### WHAT TO PRODUCE
The entries below contain pictures. Retype everything except those pictures, exactly as given.

·····

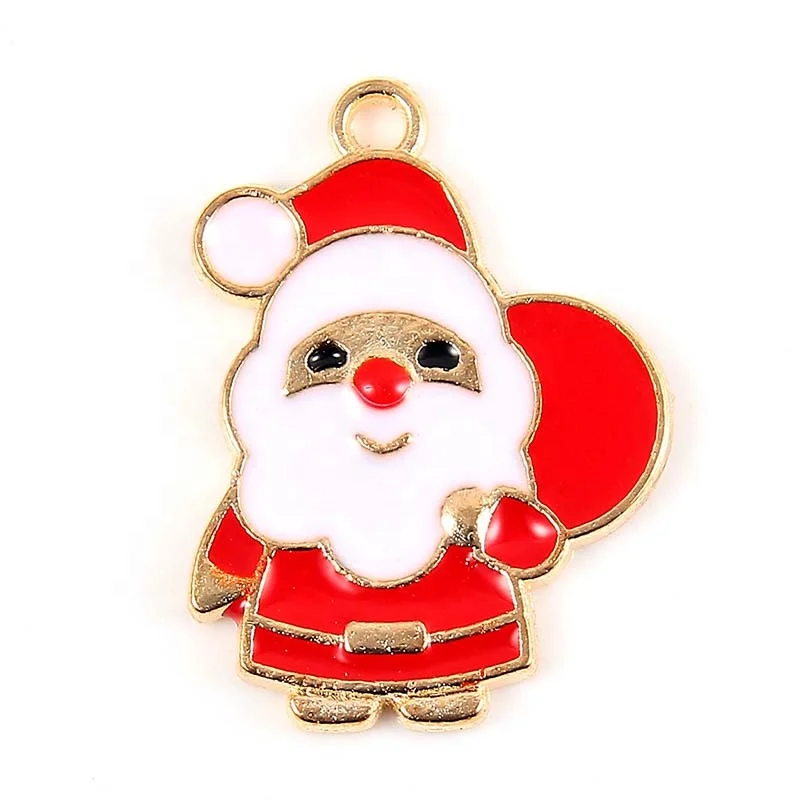 

Colorful Enamel Christmas Santa Claus Alloy Charms Pendant Jewelry Accessories For DIY Necklace Bracelet Making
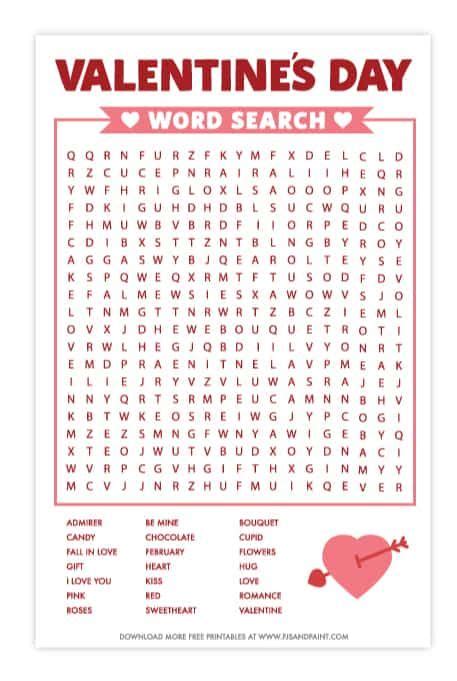 Valentines Day Word Search Free Printable Valentines Day Words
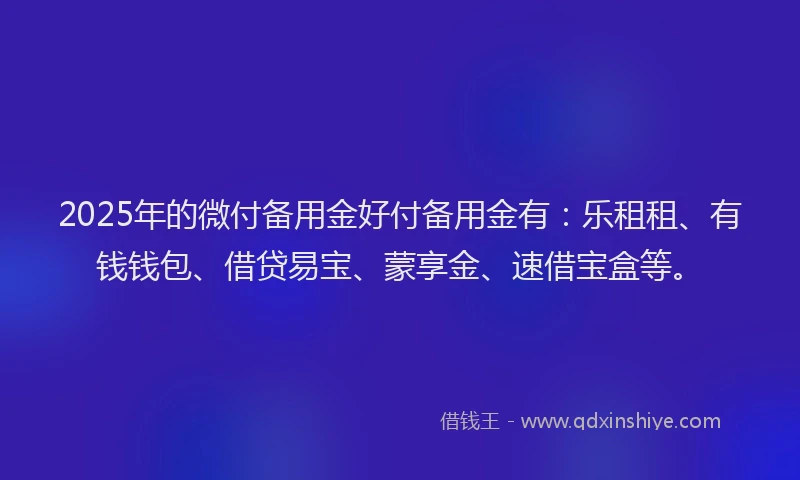 2025年的微付备用金好付备用金有：乐租租、有钱钱包、借贷易宝、蒙享金、速借宝盒等。
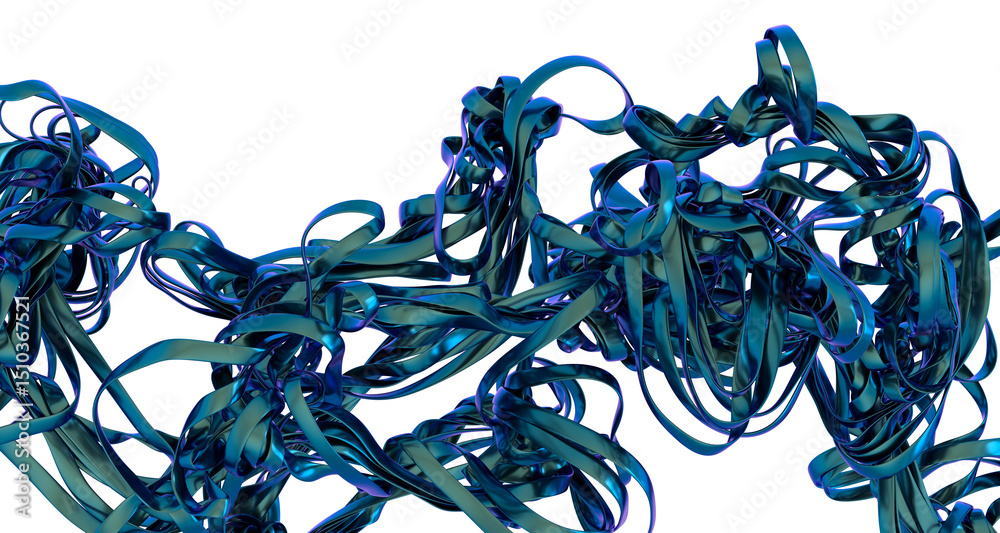 Aufkleber intricate teal ribbons swirl in a dynamic abstract composition, perfect for modern designs and backg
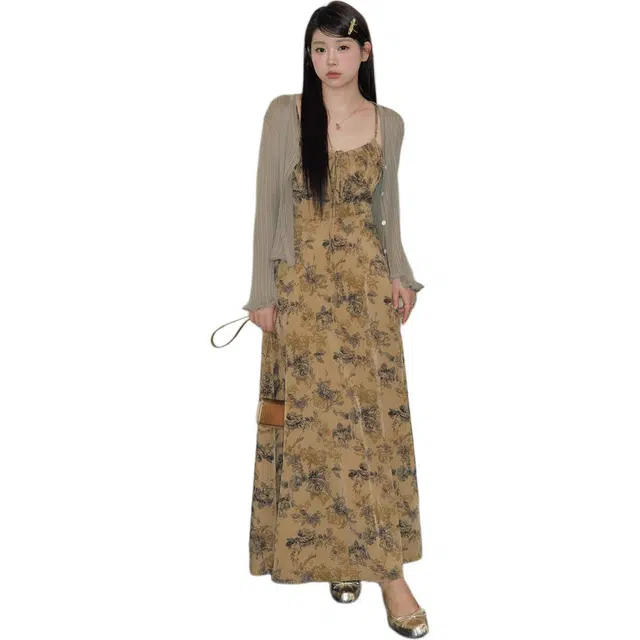 哒头下雨不愁 印花法式复古水墨吊带气质碎花连衣裙长袖外搭裙装套装 女款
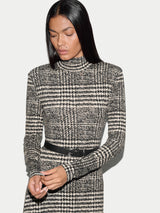 Check Shoulder Pad Dress | Brown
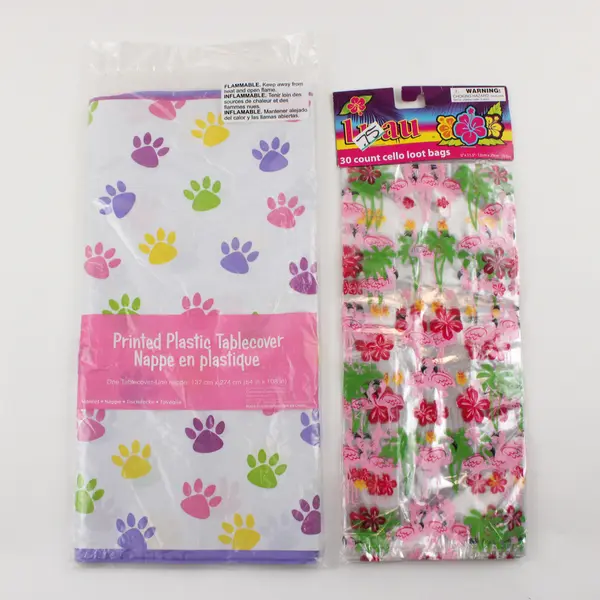 Mixed Lot of 5 Birthday Party Supplies Tablecloth Balloons Loot Bags Stencil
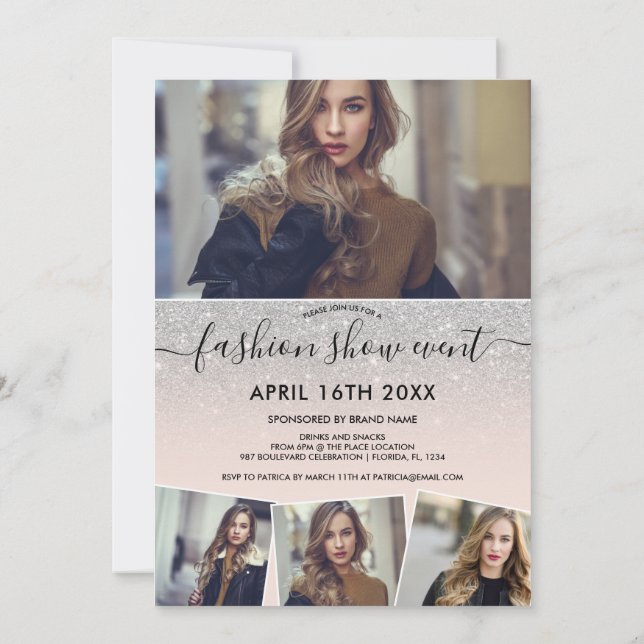 Silver glitter blush script photos fashion show invitation (Back)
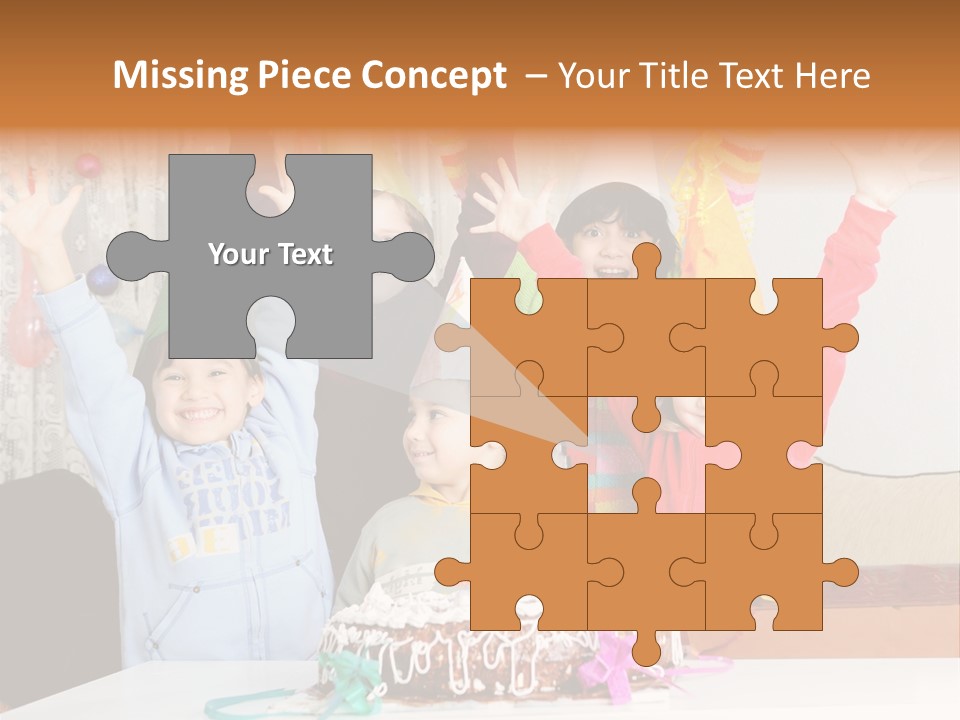 A Group Of Children Celebrating A Birthday With A Cake PowerPoint Template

·····

### ANSWER TO THE EXERCISE
Colorful Enamel Christmas Santa Claus Alloy Charms Pendant Jewelry Accessories For DIY Necklace Bracelet Making
 Valentines Day Word Search Free Printable Valentines Day Words
 2025年的微付备用金好付备用金有：乐租租、有钱钱包、借贷易宝、蒙享金、速借宝盒等。
 Aufkleber intricate teal ribbons swirl in a dynamic abstract composition, perfect for modern designs and backg
 哒头下雨不愁 印花法式复古水墨吊带气质碎花连衣裙长袖外搭裙装套装 女款
 Check Shoulder Pad Dress | Brown
 Mixed Lot of 5 Birthday Party Supplies Tablecloth Balloons Loot Bags Stencil
 Silver glitter blush script photos fashion show invitation (Back)
 A Group Of Children Celebrating A Birthday With A Cake PowerPoint Template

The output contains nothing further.